SEOUL, Dec. 7 (UPI) — U.S. Deputy Secretary of State Stephen Biegun, Washington’s point man on nuclear negotiations with North Korea, will visit Seoul on Tuesday for a four-day trip, the State Department announced.
Biegun will meet with South Korean officials to “discuss the U.S.-ROK Alliance and our shared commitment to regional security, stability and prosperity throughout the Indo-Pacific, and continued close coordination on North Korea,” the State Department said in a statement on Sunday. The Republic of Korea is the official name of South Korea.
Biegun’s agenda includes a meeting with his counterpart on North Korean affairs, chief nuclear negotiator Lee Do-hoon, as well as a dinner on Friday with Foreign Minister Kang Kyung-wha, South Korea’s foreign ministry said in a statement Monday.
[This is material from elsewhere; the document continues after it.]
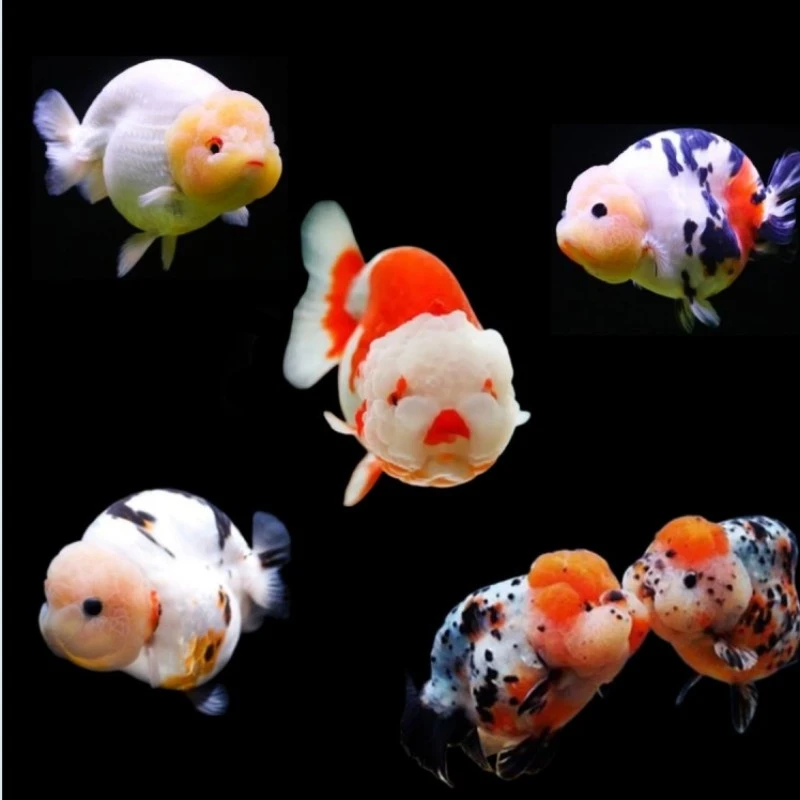 兰寿金鱼好养耐活精品观赏鱼练手闯缸冷水鱼热带淡水苗小活体直播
The nuclear envoy is also slated to meet with Unification Minister Lee In-young, according to ministry spokesperson Yoh Sang-key, although a date has not yet been announced.
The visit comes during a period of uncertainty on the Korean Peninsula ahead of Washington’s transition next month to the administration of President-elect Joe Biden.
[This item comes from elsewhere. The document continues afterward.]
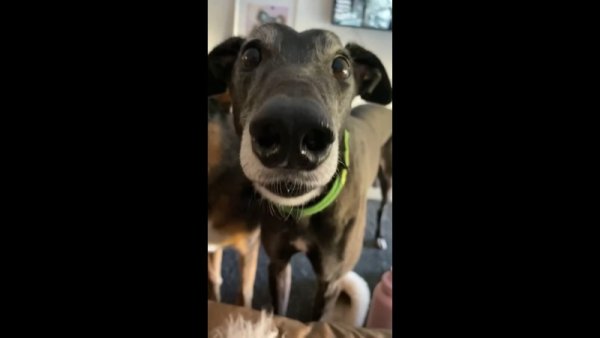 У собаки трясутся зубы Мем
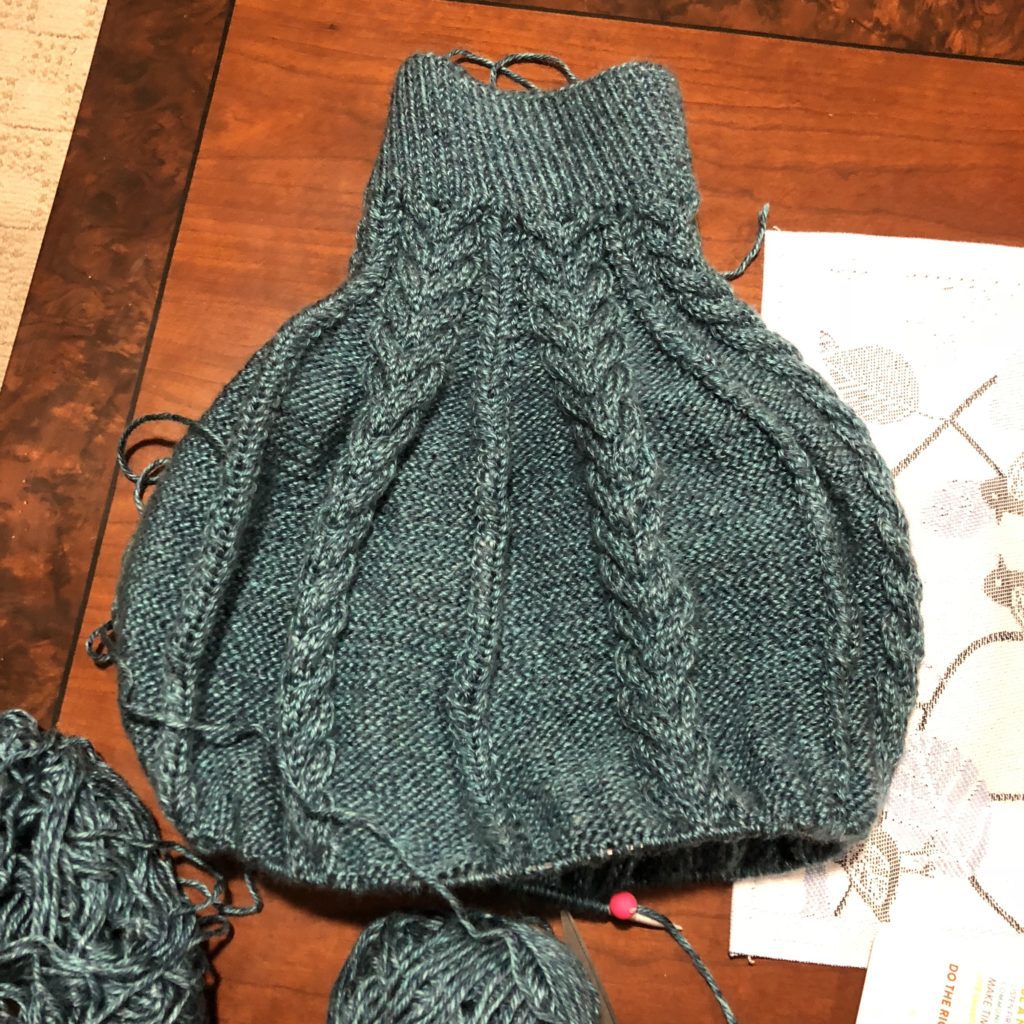 Dog Sweater in Progress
Observers are keeping an eye out for any aggressive moves from North Korea, including a potential test-launch of the massive intercontinental ballistic missile it unveiled at a military parade in October.
At his meetings this week, Biegun can be expected to “discuss continuity of U.S.-North Korea policy and the likelihood of North Korean provocation during the vulnerable transition period,” wrote retired Army Special Forces Col. David Maxwell, a senior fellow at the Foundation for Defense of Democracies think tank, in a note.
Other topics could include the potential humanitarian and economic crises facing North Korea as well as the still-unresolved military cost-sharing agreement between Washington and Seoul, Maxwell wrote.
Nuclear negotiations between Pyongyang and Washington have been stalled since a February 2019 summit between President Donald Trump and North Korean leader Kim Jong Un ended without an agreement.
South Korea and the United States have also seen their military relationship strained over demands by the Trump administration for Seoul to pay more to cover the costs of the roughly 28,500 troops stationed on the Korean Peninsula.
Biegun was appointed special North Korea envoy in 2018 and was elevated to deputy secretary of State last year.
During his last visit to South Korea, he expressed Washington’s resolve to resume the deadlocked dialogue with the North, saying when Kim appoints a counterpart for talks, “they will find us ready at that very moment.”
Biegun is also scheduled to deliver an address on Thursday at a Seoul think tank before returning to the United States on Saturday.